Loop diagram for Section 42.6DetectresidualsDiagnoselabel failureRecoverretry or abortVerifyresume or stop
Figure 42.6.1: Recovery begins with typed failure signals, not with vague claims that the policy will figure it out online.

Theory

The cleanest abstraction is a failure-state machine layered on top of the manipulation policy. Residuals and progress metrics trigger state transitions, and each transition maps to a bounded recovery primitive.

This structure matters because many manipulation failures are easier to classify than to avoid. Missing the handle and slipping off the handle may both look like task failure, but they require different next actions and different future data collection.

$$ z_t = [e_{\text{pose}}, e_{\text{force}}, e_{\text{vision}}, \Delta q, \Delta x_o],\qquad y_t = \mathbf{1}[r(z_t) > \tau],\qquad b_{t+1} = \mathrm{recover}(b_t, y_t) $$

Mechanism

The detector fuses pose, force, grasp width, visual residual, and progress features into a failure label. The recovery layer maps that label into a safe next action such as back out, reopen, reobserve, or skip.

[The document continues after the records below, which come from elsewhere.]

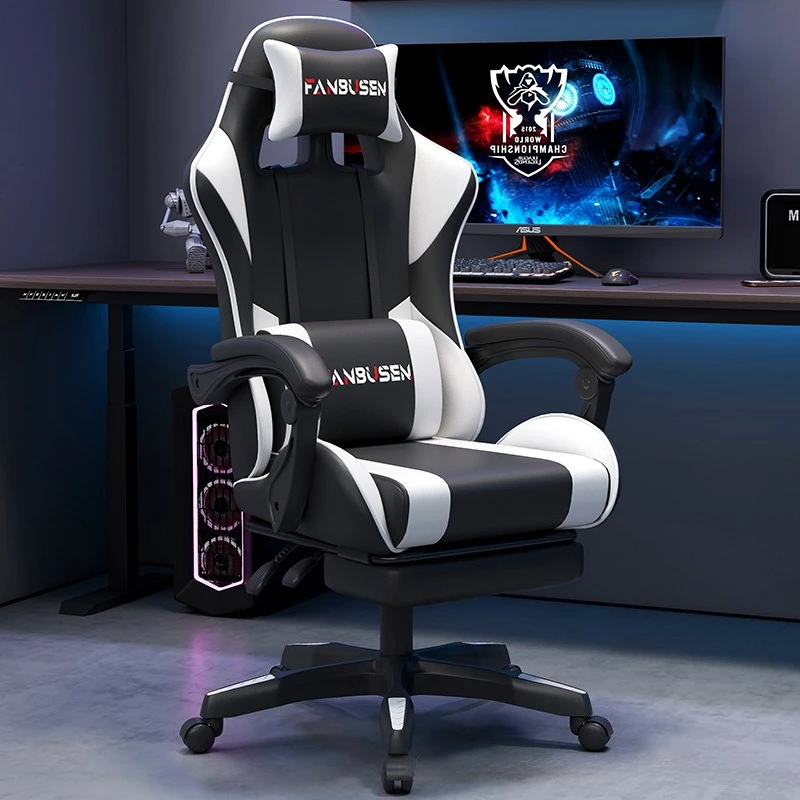 Ergonomic Gaming Chair for Com - Sofas review and price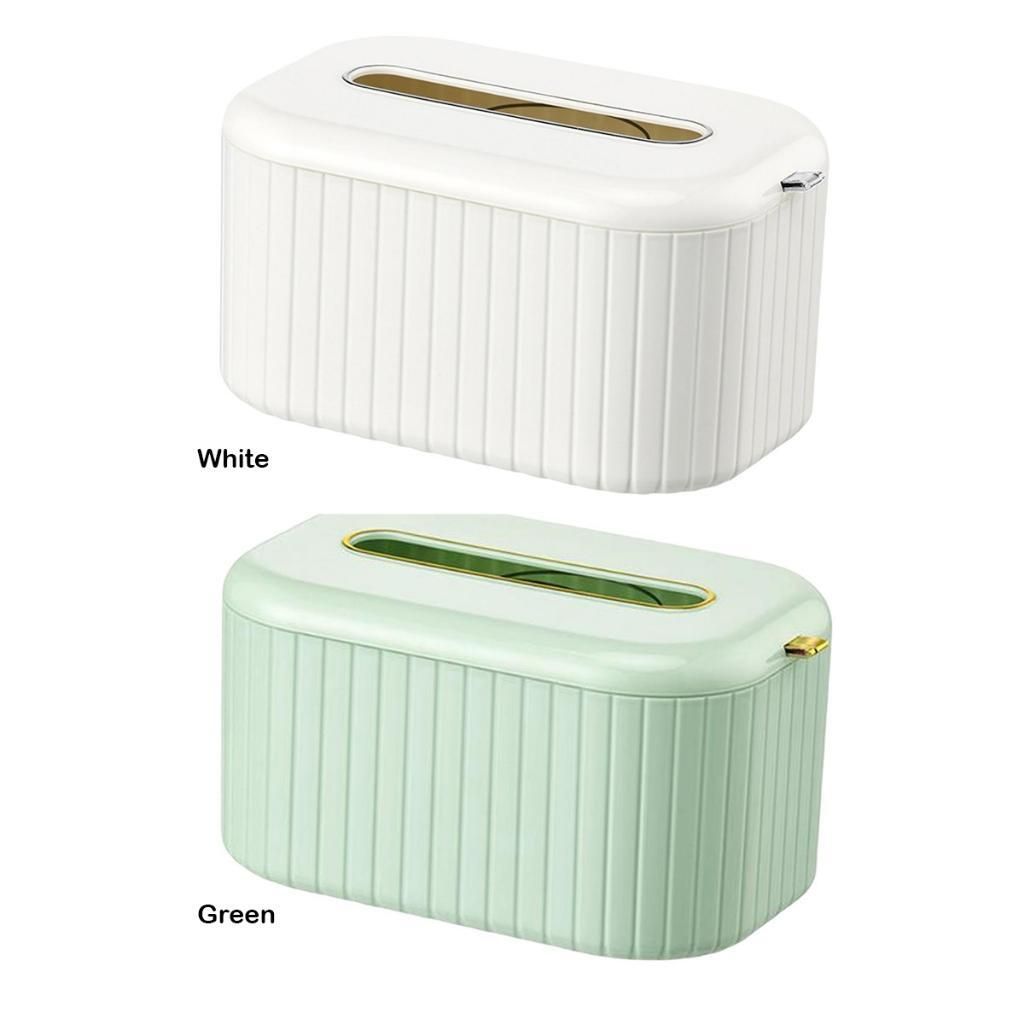 5f7f4b6d2c4a4c5cb4e7146cec155727~tplv-aphluv4xwc-origin-jpeg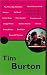 Tim Burton (Pocket Essentials: Film)
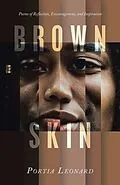E-Book (epub) Brown Skin von Portia Leonard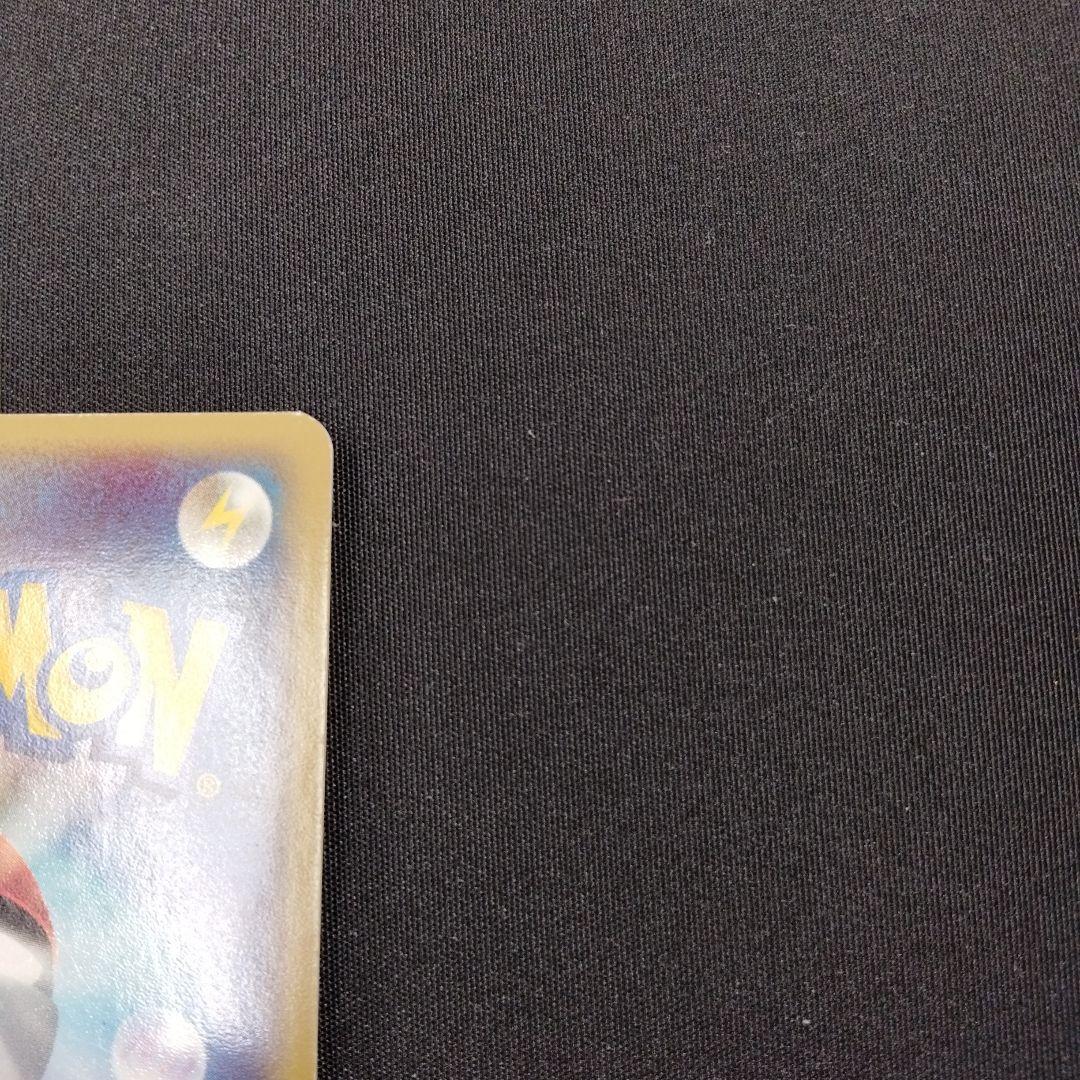 アクア団のカイオーガ 構築済みデッキ アクア団ハーフデッキW ADVCA 01…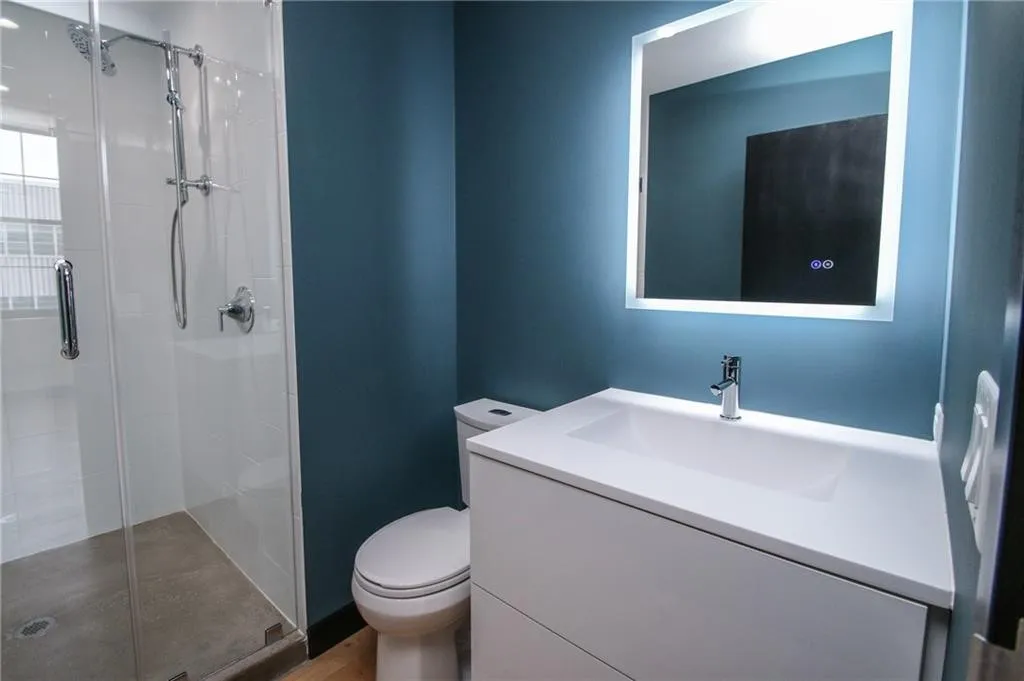 33 Russell Street 207, Rochester, New York 14607, Rochester, New York 14607, 2 Rooms Rooms,1 BathroomBathrooms,Residential Lease,For Rent,33 Russell Street 207, Rochester, New York 14607,0,R1633648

Crucially, the evidence artifact stores the first label that fired and the branch that followed.

Algorithm: Recovery Router
  1. Define residual features and timeouts before hardware testing begins.
  2. Map each high-confidence failure label to a bounded recovery primitive.
  3. Require every recovery branch to produce a new observation or new configuration before retry.
  4. Abort after repeated identical failures and log the case for replay-driven debugging.

Worked Example

# Route a manipulation failure to a bounded recovery branch.
failure = {"slip_score": 0.82, "occlusion": 0.15, "progress": 0.02}

if failure["slip_score"] > 0.7:
    branch = "regrasp"
elif failure["occlusion"] > 0.5:
    branch = "reobserve"
elif failure["progress"] < 0.05:
    branch = "back_out_and_retry"
else:
    branch = "continue"

print({"recovery_branch": branch})
{'recovery_branch': 'regrasp'}
Code Fragment 42.6.1 turns failure features into a bounded recovery branch instead of leaving the system to thrash under the original command.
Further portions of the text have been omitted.